[Scraped caption text data]
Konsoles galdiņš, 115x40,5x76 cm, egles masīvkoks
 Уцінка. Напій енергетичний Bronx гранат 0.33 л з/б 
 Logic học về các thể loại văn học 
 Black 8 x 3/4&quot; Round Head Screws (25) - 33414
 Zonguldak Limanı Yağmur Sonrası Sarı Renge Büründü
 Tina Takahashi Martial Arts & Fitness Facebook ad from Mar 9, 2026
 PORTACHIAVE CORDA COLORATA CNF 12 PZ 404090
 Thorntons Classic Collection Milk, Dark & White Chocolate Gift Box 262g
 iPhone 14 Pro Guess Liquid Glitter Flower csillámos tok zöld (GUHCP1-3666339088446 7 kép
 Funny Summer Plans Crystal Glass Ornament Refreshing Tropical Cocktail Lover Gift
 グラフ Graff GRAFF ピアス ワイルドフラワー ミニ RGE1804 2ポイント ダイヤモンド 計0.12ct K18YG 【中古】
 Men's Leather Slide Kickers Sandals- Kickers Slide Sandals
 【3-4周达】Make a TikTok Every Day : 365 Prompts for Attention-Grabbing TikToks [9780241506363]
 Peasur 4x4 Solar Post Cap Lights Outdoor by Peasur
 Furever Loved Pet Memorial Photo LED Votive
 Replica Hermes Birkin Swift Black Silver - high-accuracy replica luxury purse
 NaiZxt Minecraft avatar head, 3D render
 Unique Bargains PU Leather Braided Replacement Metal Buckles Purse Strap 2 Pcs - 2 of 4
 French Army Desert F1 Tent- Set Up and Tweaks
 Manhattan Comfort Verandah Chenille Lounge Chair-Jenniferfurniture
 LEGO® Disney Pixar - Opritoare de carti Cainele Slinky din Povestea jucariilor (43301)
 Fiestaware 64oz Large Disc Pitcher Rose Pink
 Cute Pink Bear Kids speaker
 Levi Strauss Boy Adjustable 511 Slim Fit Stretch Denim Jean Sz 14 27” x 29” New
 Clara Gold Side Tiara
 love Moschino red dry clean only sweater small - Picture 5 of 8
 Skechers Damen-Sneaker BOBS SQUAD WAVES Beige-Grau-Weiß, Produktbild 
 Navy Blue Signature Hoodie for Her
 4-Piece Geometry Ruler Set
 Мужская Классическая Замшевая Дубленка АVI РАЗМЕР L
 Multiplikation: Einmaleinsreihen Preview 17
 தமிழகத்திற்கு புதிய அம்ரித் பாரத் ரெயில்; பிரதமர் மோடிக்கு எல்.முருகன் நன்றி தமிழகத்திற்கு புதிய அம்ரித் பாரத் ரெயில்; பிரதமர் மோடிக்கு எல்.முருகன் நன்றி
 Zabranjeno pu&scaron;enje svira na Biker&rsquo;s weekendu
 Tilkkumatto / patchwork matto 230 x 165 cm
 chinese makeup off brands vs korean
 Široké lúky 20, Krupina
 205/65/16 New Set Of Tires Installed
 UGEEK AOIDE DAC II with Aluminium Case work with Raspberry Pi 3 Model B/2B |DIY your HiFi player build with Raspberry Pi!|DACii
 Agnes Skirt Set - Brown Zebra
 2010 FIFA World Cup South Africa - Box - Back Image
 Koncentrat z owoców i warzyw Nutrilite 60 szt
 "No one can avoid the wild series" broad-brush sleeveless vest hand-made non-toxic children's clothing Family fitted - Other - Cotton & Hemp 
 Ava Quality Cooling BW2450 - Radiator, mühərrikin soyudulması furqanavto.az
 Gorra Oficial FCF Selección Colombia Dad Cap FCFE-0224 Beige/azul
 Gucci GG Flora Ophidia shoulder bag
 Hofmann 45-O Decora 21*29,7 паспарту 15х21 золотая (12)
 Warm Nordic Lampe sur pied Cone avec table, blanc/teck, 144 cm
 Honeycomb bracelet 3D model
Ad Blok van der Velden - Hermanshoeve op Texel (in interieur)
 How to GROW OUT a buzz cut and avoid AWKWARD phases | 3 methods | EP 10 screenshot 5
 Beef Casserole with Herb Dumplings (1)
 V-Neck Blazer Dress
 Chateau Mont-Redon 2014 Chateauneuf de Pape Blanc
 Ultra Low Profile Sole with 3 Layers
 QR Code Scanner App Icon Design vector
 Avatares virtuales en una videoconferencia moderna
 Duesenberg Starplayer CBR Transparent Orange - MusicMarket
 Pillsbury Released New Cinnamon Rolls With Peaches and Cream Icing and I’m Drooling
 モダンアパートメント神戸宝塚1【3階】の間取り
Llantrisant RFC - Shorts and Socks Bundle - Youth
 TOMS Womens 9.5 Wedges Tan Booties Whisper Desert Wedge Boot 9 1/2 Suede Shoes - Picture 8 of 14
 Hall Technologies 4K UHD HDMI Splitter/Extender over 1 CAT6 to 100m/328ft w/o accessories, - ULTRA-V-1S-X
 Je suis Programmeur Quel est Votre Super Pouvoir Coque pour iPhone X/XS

== About this exercise ==
The line with "2010 FIFA World" and all lines after it through the end of the data above: write these out exactly and add nothing.

== Your solution ==
 2010 FIFA World Cup South Africa - Box - Back Image
 Koncentrat z owoców i warzyw Nutrilite 60 szt
 "No one can avoid the wild series" broad-brush sleeveless vest hand-made non-toxic children's clothing Family fitted - Other - Cotton & Hemp 
 Ava Quality Cooling BW2450 - Radiator, mühərrikin soyudulması furqanavto.az
 Gorra Oficial FCF Selección Colombia Dad Cap FCFE-0224 Beige/azul
 Gucci GG Flora Ophidia shoulder bag
 Hofmann 45-O Decora 21*29,7 паспарту 15х21 золотая (12)
 Warm Nordic Lampe sur pied Cone avec table, blanc/teck, 144 cm
 Honeycomb bracelet 3D model
Ad Blok van der Velden - Hermanshoeve op Texel (in interieur)
 How to GROW OUT a buzz cut and avoid AWKWARD phases | 3 methods | EP 10 screenshot 5
 Beef Casserole with Herb Dumplings (1)
 V-Neck Blazer Dress
 Chateau Mont-Redon 2014 Chateauneuf de Pape Blanc
 Ultra Low Profile Sole with 3 Layers
 QR Code Scanner App Icon Design vector
 Avatares virtuales en una videoconferencia moderna
 Duesenberg Starplayer CBR Transparent Orange - MusicMarket
 Pillsbury Released New Cinnamon Rolls With Peaches and Cream Icing and I’m Drooling
 モダンアパートメント神戸宝塚1【3階】の間取り
Llantrisant RFC - Shorts and Socks Bundle - Youth
 TOMS Womens 9.5 Wedges Tan Booties Whisper Desert Wedge Boot 9 1/2 Suede Shoes - Picture 8 of 14
 Hall Technologies 4K UHD HDMI Splitter/Extender over 1 CAT6 to 100m/328ft w/o accessories, - ULTRA-V-1S-X
 Je suis Programmeur Quel est Votre Super Pouvoir Coque pour iPhone X/XS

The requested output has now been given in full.